▶ [Your goal]:
Leave out every line before the one containing "Audi A4 B7 2.0", and repeat the rest of the material below exactly, that line included.

Segment Start: Records provided

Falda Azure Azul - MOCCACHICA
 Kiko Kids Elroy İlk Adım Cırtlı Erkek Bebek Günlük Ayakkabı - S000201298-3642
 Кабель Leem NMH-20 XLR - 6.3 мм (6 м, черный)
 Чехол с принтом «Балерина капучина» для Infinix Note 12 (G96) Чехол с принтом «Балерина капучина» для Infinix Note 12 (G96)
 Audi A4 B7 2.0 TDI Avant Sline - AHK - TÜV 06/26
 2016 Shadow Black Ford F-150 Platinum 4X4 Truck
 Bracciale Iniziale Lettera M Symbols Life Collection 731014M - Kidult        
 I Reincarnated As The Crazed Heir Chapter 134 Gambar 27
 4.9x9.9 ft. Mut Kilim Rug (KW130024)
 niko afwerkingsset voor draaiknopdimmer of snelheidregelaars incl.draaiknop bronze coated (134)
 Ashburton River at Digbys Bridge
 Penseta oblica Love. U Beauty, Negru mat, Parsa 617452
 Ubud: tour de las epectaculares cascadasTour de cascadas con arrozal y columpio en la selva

Segment End: Records provided

▶ [Answer to the problem]:
 Audi A4 B7 2.0 TDI Avant Sline - AHK - TÜV 06/26
 2016 Shadow Black Ford F-150 Platinum 4X4 Truck
 Bracciale Iniziale Lettera M Symbols Life Collection 731014M - Kidult        
 I Reincarnated As The Crazed Heir Chapter 134 Gambar 27
 4.9x9.9 ft. Mut Kilim Rug (KW130024)
 niko afwerkingsset voor draaiknopdimmer of snelheidregelaars incl.draaiknop bronze coated (134)
 Ashburton River at Digbys Bridge
 Penseta oblica Love. U Beauty, Negru mat, Parsa 617452
 Ubud: tour de las epectaculares cascadasTour de cascadas con arrozal y columpio en la selva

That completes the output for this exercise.